What happened, of course, was a messy and polarized outcome. Investors won on access, but discovered the price was losing on much else, even if many of the disclosure requirements they sought ended up getting adopted. Even that narrow access victory proved hollow: The SEC rule was later rejected by a federal court on technical grounds. But the Chamber got burned, too. It had not expected to suffer legislative defeat on access. Mounting a court challenge was always Plan B.

What November Means

So should we conclude that corporate governance is now partisan? That an Obama re-election in November means a revival of pro-shareholder policies? Or that a Romney win means efforts to restore management supremacy?

Actually, no. Dodd-Frank, ironically, soured shareholder enthusiasm for legislation; advocates found that even a surfeit of clout could deliver only some of the reforms they desired and even that came at high risk of opponents inserting counter-measures. The investor community is simply not unified or resourced enough to play an ongoing, hardball Washington game of shaping legislation. That's why they got so outmaneuvered on the JOBS Act.

Investors have also reached a frustration point with regulation. Neither the SEC nor the Department of Labor has moved as strongly as investors expected to advance shareholder interests. But business interests, even though far better equipped to handle Washington, are also skittish about using law to address corporate governance. Though they got the JOBS Act to trim coverage of Sarbanes-Oxley and Dodd-Frank for smaller, newer companies, they recognize that lawmaking is by nature a Pandora's Box.

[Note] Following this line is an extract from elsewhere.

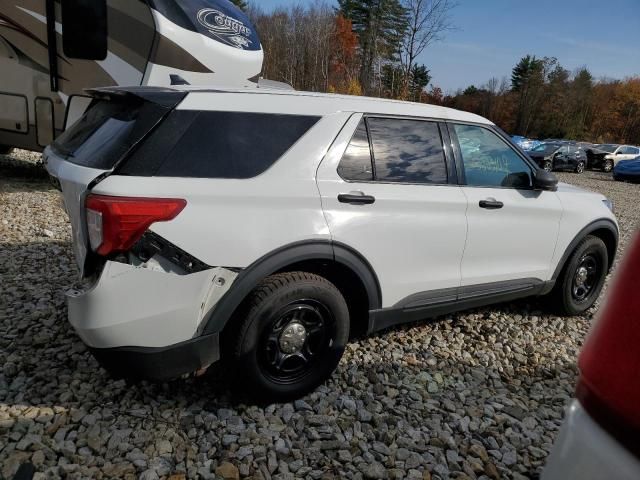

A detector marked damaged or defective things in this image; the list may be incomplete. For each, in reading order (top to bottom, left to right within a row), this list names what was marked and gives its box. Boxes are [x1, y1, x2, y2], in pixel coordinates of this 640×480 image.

damaged front bumper [67, 260, 239, 380]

In other words, business and investor interests have fought to something like an exhausted stalemate.  There seems a mutual erosion of trust in government to function as a useful arbitrator in this debate—marking a difference from Europe. Our guess is that even if fresh scandals stir public anger at corporations, neither Obama nor Romney would come to office next January with any urgent appetite for more corporate governance legislation; nor do their constituencies appear poised to clamor for it.

Instead, we predict there will be rising interest in market-based alternatives, such as investor-corporate dialogues or even negotiation of a national, authoritative corporate governance code—even on items high on European governments' agenda such as board diversity, CEO pay, and integrated reporting. So goalposts may still move after the presidential election—but maybe more by the hand of the market than any pronouncement from Washington.